··· COLLECTED MATERIAL

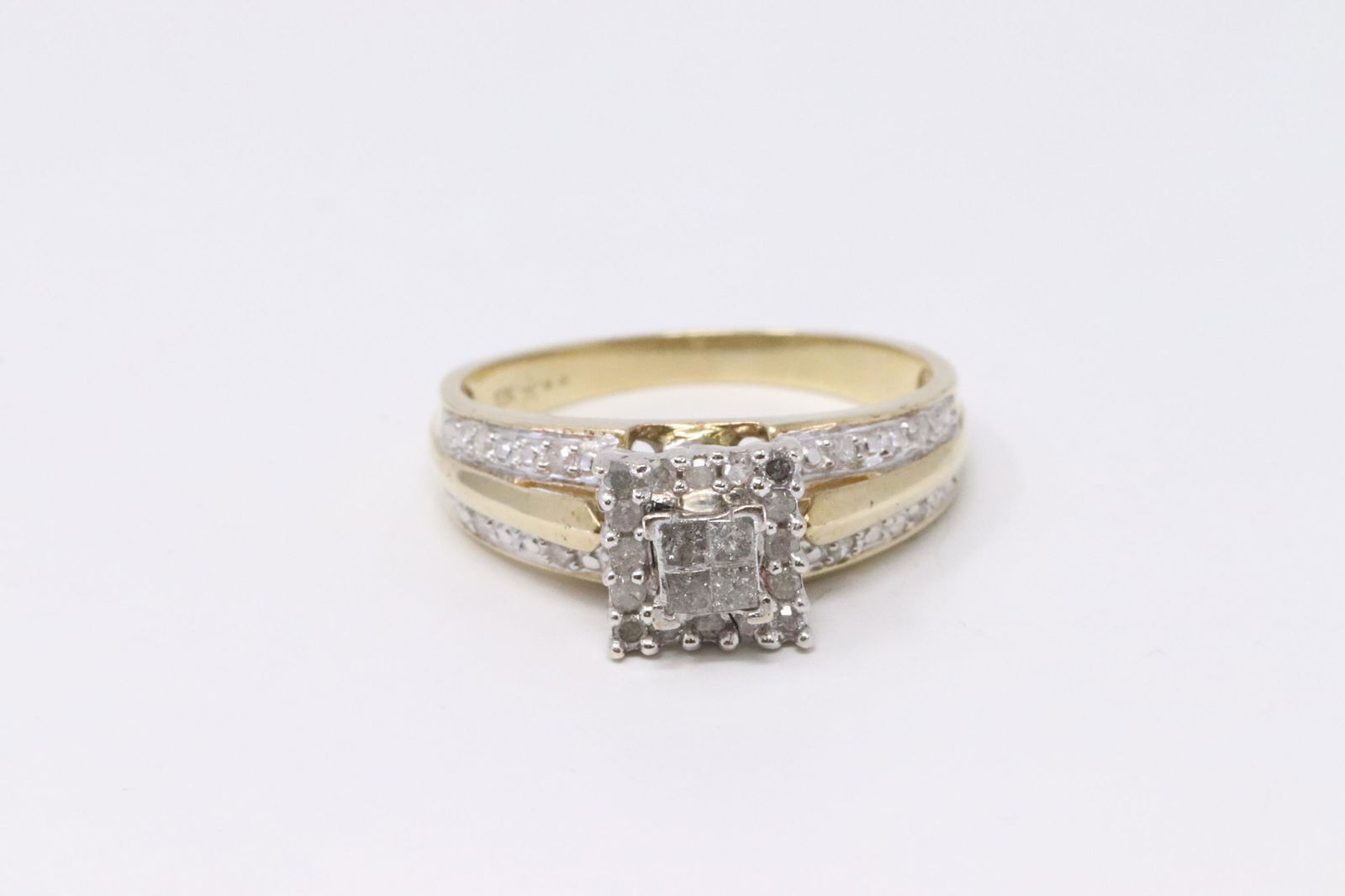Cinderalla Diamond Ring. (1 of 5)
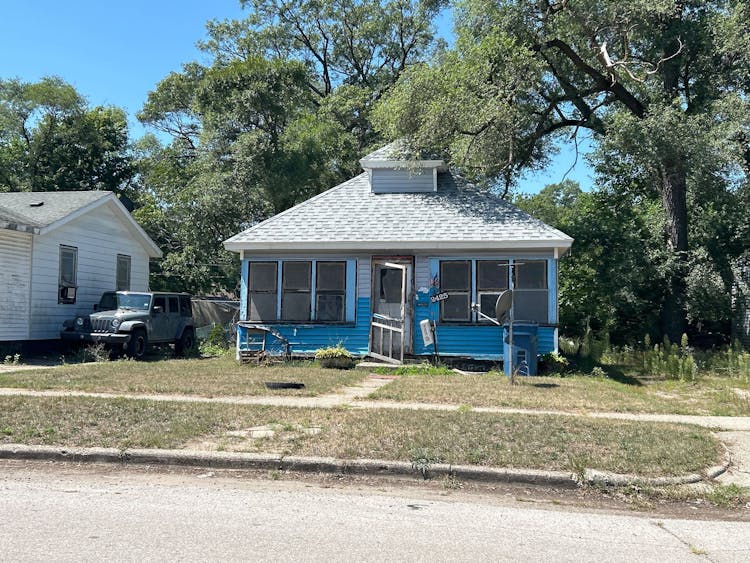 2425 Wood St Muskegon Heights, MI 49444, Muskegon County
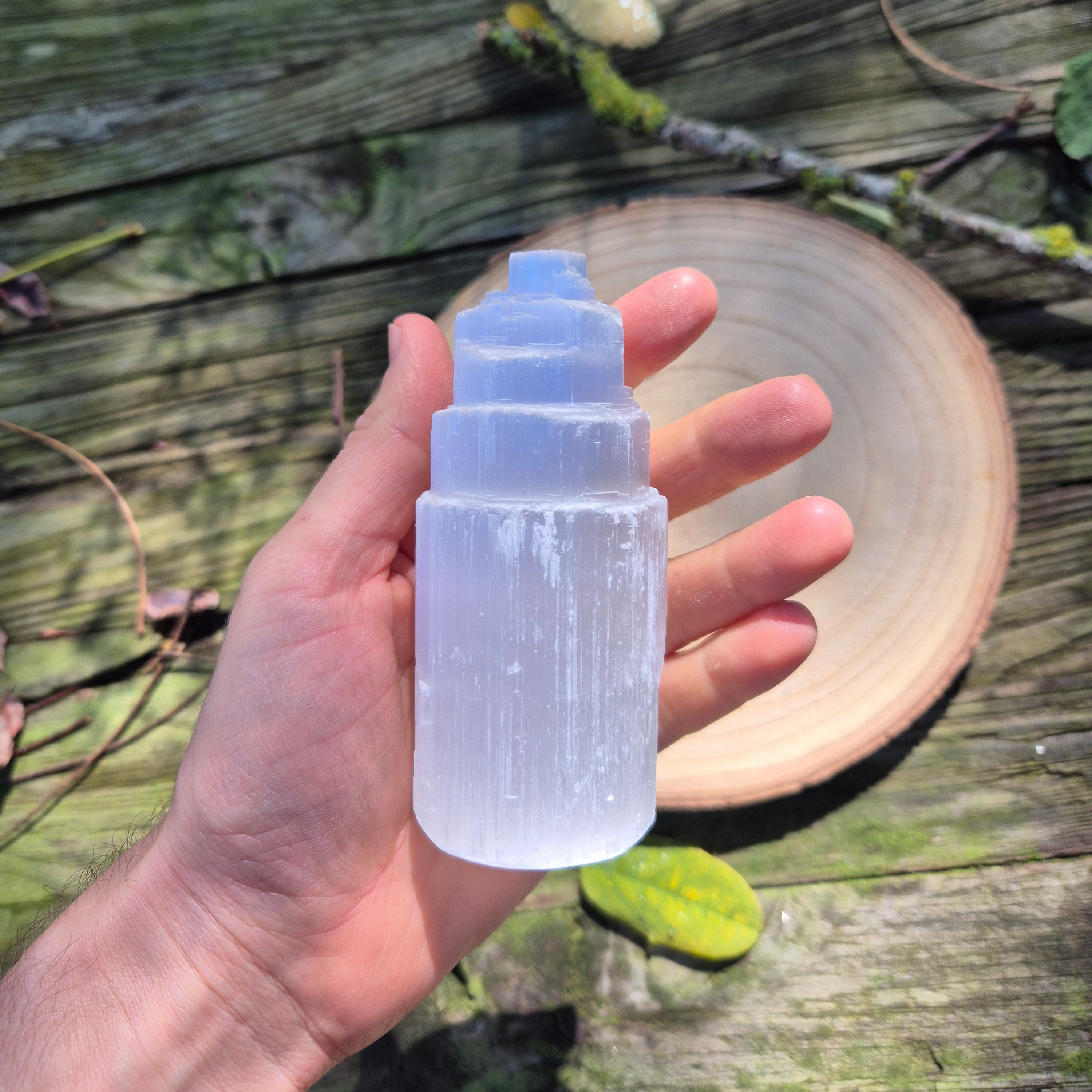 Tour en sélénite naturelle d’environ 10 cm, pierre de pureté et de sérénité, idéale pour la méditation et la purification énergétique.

······

→ **WHAT THE TASK ASKS**
Output all the data above verbatim, leaving out images.

→ **OUTPUT**
Cinderalla Diamond Ring. (1 of 5)
 2425 Wood St Muskegon Heights, MI 49444, Muskegon County
 Tour en sélénite naturelle d’environ 10 cm, pierre de pureté et de sérénité, idéale pour la méditation et la purification énergétique.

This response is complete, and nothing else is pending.